Like you I've tried talking to him about it, and am sick to death of the promises for change that never happen. He is fine the way things are and that's that for him. I wish I could suggest something to help you, but all I can say is don't let it fester for years; if it's a problem now then get a counsellor and start dealing with it properly. Good luck - I do understand how hard it is.

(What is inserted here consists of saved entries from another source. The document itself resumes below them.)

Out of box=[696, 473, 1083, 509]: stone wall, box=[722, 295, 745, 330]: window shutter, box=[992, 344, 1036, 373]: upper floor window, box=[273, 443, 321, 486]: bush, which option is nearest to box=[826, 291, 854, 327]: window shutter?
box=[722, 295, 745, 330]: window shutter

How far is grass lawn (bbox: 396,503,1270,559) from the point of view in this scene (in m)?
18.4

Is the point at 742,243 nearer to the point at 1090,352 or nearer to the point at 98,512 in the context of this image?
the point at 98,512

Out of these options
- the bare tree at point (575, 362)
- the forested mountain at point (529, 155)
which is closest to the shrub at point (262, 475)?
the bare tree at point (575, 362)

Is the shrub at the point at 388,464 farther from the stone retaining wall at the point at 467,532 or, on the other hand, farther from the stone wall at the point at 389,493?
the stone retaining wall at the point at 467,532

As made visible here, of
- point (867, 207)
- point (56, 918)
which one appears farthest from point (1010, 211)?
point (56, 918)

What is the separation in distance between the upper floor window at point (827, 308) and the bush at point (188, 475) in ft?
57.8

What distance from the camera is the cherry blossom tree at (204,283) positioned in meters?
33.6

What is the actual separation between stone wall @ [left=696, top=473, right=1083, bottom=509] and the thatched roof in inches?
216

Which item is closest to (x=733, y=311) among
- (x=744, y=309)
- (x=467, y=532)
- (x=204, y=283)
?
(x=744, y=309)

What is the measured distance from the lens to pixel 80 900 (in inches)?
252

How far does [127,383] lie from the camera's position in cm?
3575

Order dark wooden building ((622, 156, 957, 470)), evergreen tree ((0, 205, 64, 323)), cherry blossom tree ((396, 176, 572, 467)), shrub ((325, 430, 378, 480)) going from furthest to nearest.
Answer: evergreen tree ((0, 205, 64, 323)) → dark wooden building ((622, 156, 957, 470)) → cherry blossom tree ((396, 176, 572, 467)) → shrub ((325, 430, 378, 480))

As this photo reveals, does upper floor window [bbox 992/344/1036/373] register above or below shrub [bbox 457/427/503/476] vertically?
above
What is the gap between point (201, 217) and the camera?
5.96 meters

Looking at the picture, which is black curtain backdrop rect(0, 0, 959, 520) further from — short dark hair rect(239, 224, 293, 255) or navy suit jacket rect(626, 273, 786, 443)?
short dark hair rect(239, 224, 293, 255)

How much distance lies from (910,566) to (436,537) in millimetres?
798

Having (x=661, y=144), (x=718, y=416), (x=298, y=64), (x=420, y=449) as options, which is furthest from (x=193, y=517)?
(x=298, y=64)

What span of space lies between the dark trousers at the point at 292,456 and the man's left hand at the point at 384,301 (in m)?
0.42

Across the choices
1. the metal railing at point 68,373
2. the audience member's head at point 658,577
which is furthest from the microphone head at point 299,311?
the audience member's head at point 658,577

londonartemis · 16/06/2010 11:08

You are right to raise it with him. In my case I put it off for years - exactly same circumstances: no sex since the last child was conceived.
If you are getting nowhere with him, why don't you try going to Relate by yourself (not easy to arrange childcare etc, I know) but I think being able to be more articulate about why it matters to you and getting your thoughts/confusion about it in order will help. You will get a lot of moral support, and probably practical support about what to do or say next. Maybe you might want to go to Relate together in due course.
I do advise you not to leave it, even though you are both clearly exhausted with childcare, but you need to be 'in it together' rather than coping alone.

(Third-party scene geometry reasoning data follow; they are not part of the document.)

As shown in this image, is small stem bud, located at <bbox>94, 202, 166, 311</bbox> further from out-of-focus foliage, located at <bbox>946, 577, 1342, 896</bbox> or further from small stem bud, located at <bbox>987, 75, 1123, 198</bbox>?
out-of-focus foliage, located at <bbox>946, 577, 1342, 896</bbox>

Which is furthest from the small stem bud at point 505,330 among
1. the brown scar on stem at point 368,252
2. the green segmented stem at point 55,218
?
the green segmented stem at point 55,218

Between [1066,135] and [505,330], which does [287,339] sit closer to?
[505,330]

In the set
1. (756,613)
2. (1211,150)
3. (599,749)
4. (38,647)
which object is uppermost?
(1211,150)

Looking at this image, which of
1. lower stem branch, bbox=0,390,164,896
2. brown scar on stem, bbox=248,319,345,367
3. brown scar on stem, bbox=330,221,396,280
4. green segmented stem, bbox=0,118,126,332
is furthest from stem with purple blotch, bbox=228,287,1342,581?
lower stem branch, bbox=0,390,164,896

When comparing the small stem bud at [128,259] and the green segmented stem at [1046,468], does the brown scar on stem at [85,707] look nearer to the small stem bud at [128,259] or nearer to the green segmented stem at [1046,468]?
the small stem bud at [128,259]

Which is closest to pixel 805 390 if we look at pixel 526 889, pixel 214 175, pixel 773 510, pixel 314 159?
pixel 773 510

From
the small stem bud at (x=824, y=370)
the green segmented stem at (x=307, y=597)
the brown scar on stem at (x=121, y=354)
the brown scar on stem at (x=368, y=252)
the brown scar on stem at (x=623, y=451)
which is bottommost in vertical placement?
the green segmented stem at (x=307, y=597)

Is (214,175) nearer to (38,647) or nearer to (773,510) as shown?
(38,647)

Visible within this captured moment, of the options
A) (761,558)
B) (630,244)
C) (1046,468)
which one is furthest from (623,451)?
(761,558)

jbakedbean · 16/06/2010 22:01

I do feel for you. My dp has never been affectionate nor particularly forthcoming in the bedroom. We have a 14 month old and one on the way (6 months pregnant), and we so rarely have sex and when we do it isn't worth it. I agree with the others you need to talk to him and see if you can establish why things have changed so much. (In my case it has always been poor but at the beginning I accepted his excuses, now I know better and he's just selfish and lazy).

It is tough when you both have busy lives and sleepless nights and some men just seem to have an off switch, I know mine does, which is why I try not to take his refusals personally, but you need to tackle this before it comes between you both more than it is already.

I have now reached the stage where I would prefer DP to sleep on the sofa as I'm not getting any affection anyway so I might as well get a decent nights sleep than listen to his snoring lol. good luck.